James BaxterVisioni strane
L’arte di James Baxter affonda le radici nel mistero e in un legame con il mondo antico. Cresciuto in una fattoria della Georgia sud-occidentale, vicino ai grandi tumuli di Kolomoki dell’epoca mississippiana, trovava spesso reperti che hanno acceso in lui una passione mai spenta per le civiltà antiche, la loro arte, le loro religioni e i loro simboli.

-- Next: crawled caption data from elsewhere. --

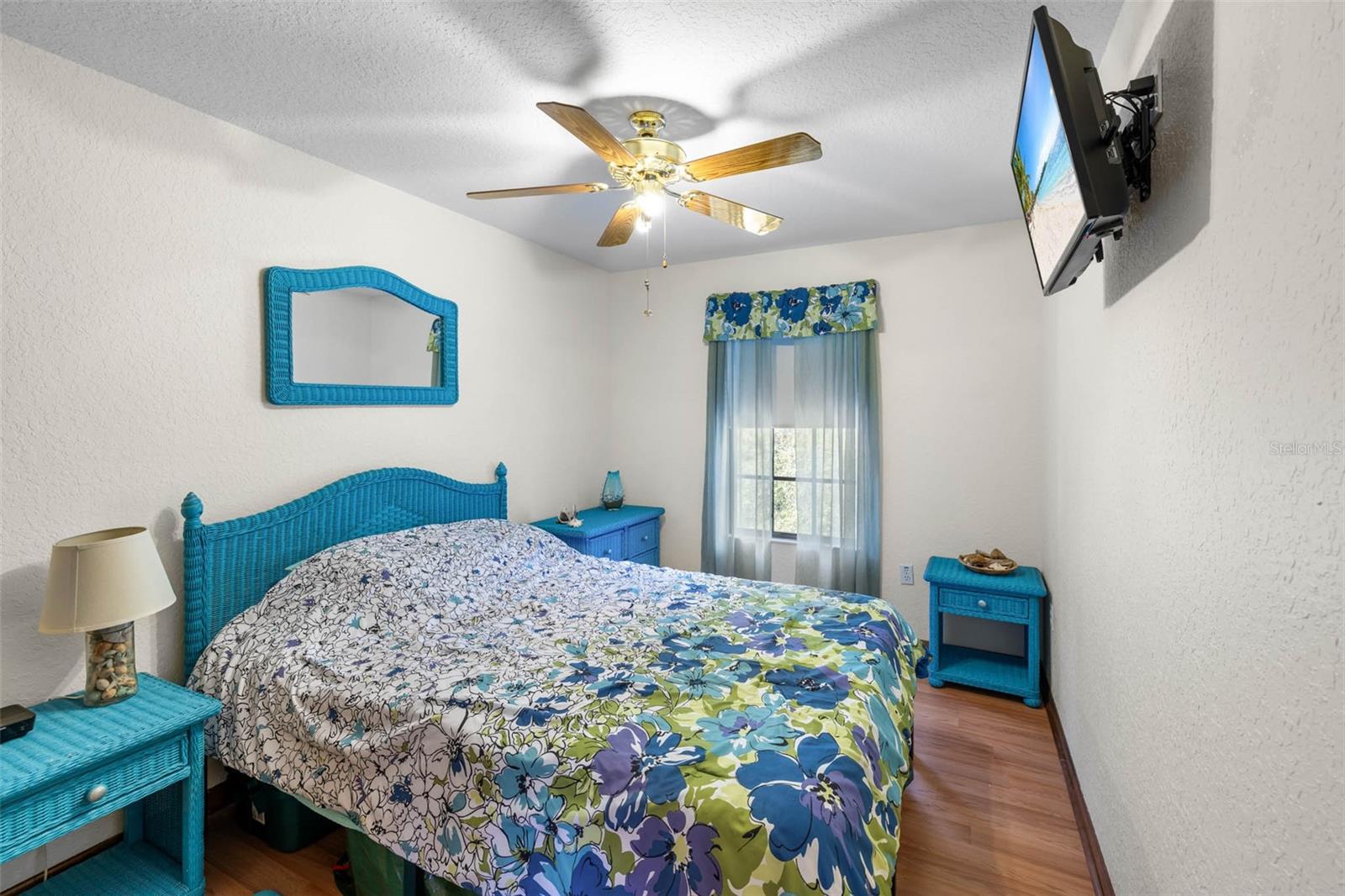 GULF COAST ACRES - Residential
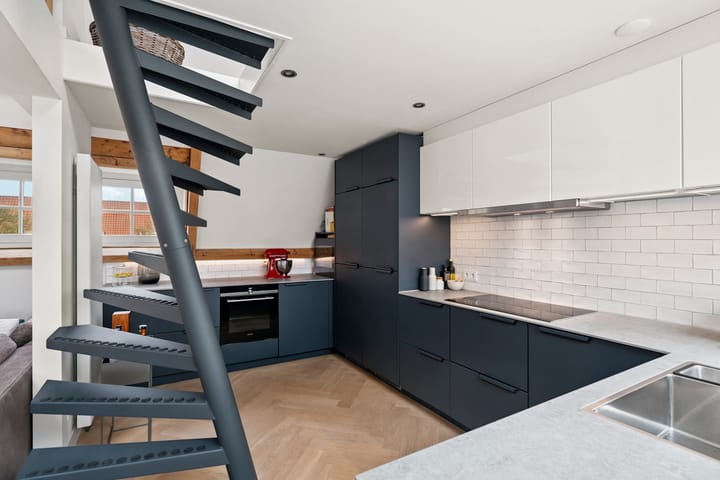 Photo 25 of Van Tuyll van Serooskerkenweg 88-3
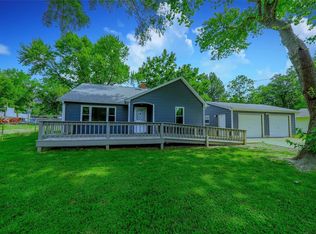 1028 Old Oak Rd, East Alton, IL 62024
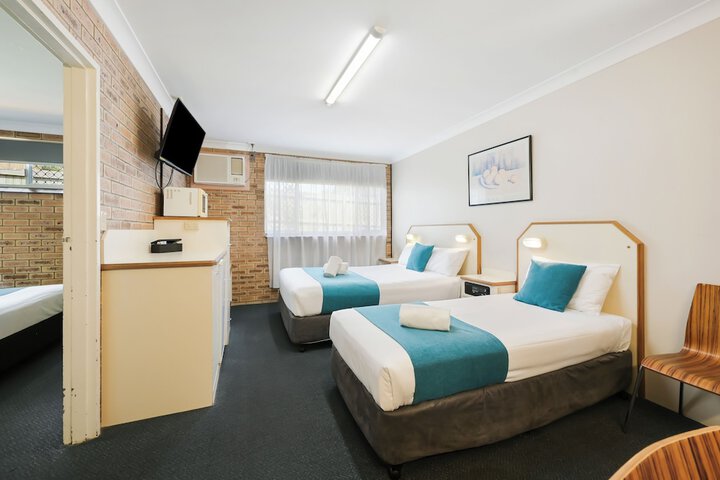 Room 13 of 23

Nelle sue opere si intrecciano l’esperienza personale, l’eredità Lenni-Lenape e l’incontro con il soprannaturale. Baxter racconta di aver assistito a fenomeni inspiegabili lungo tutta la vita: esperienze che hanno segnato in profondità il suo sguardo e che continuano a nutrire il suo lavoro. Attraverso queste visioni e le tradizioni degli antenati, esplora il confine fra il fisico e lo spirituale.
Attratto allo stesso modo dalla bellezza di ogni giorno, Baxter coglie l’ordinario con il suo obiettivo digitale — persone, luce, momenti semplici — e lo trasforma in opere da guardare con calma.
Per Baxter l’arte nasce dall’umore e dall’intuizione. Raccoglie immagini e ricordi, e aspetta finché uno di essi non gli parla — poi ne segue il richiamo fino all’opera.
Questa sala espone venticinque lavori di James Baxter: l’antico, il mistico e l’umano, in parti uguali.